◆ Task details ◆
Once you find the line below that has "Hotel Château De Bonmont", output it and every line after it exactly, stopping after the line that has "Sophisticated 1BR Stay in Prime Miraflores", with no pictures.
Provided records: Begin
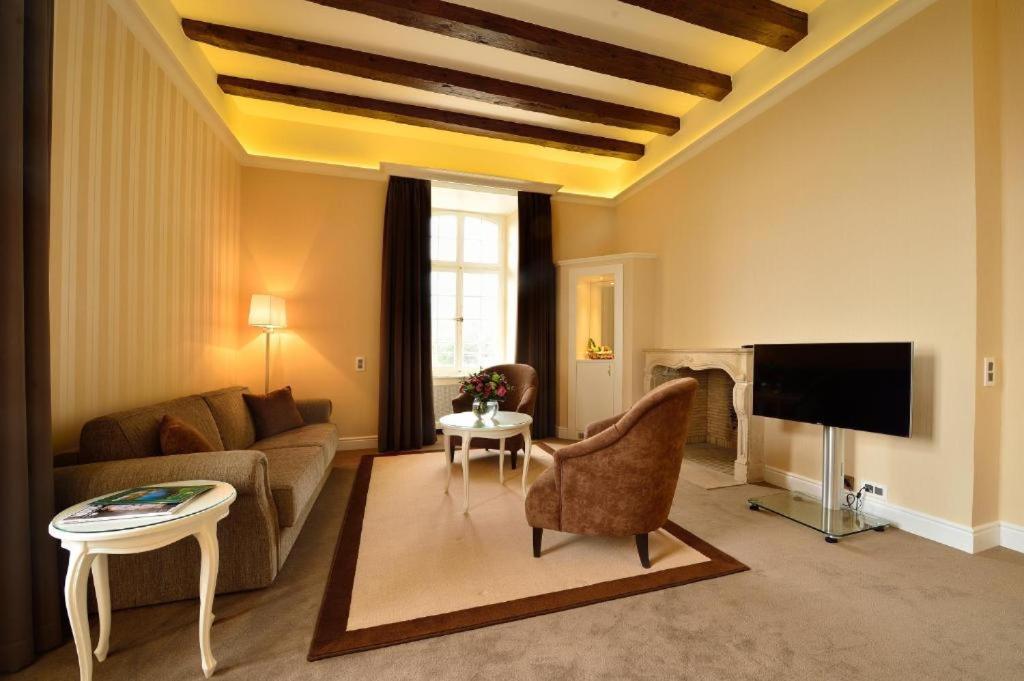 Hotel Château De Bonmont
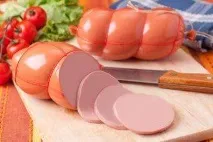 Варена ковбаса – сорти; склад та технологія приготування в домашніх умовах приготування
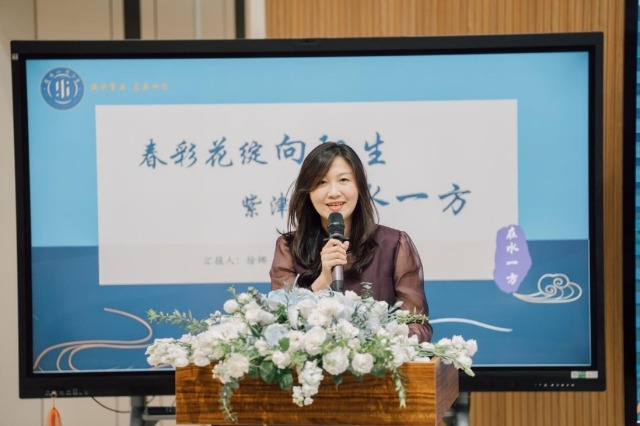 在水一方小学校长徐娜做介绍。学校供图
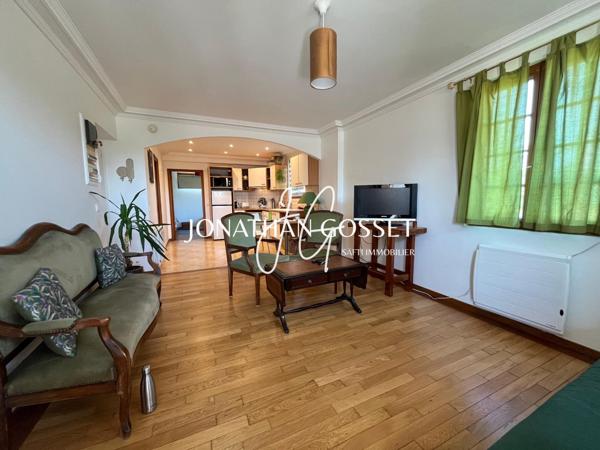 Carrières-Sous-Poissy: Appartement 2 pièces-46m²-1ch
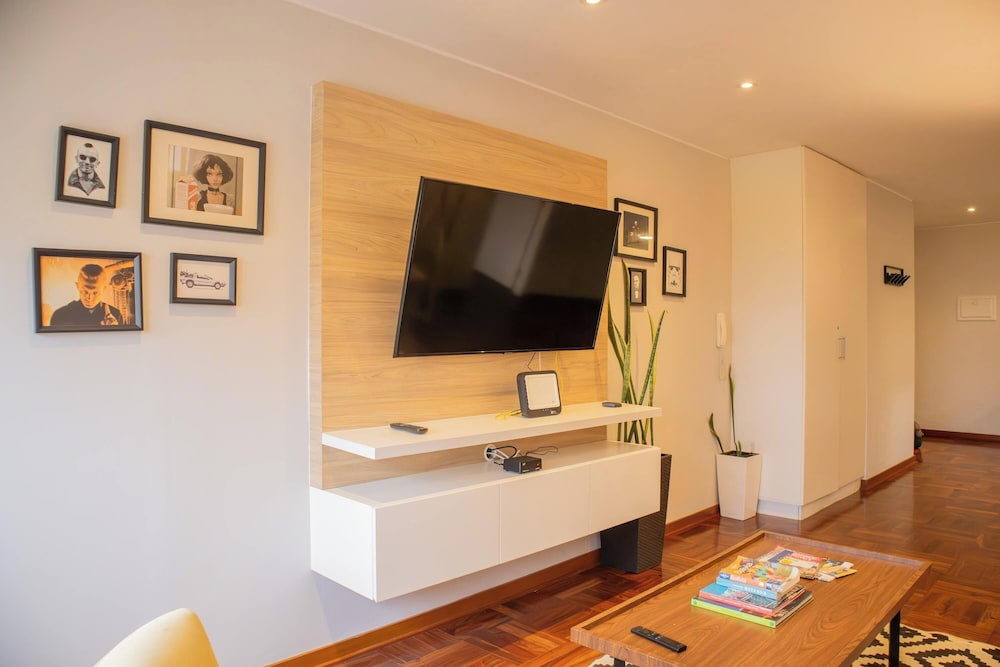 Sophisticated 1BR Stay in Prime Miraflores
Provided records: End
Provided records: Begin
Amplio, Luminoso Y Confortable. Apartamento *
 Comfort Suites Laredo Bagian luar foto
Provided records: End
◆ Result of the task ◆
 Hotel Château De Bonmont
 Варена ковбаса – сорти; склад та технологія приготування в домашніх умовах приготування
 在水一方小学校长徐娜做介绍。学校供图
 Carrières-Sous-Poissy: Appartement 2 pièces-46m²-1ch
 Sophisticated 1BR Stay in Prime Miraflores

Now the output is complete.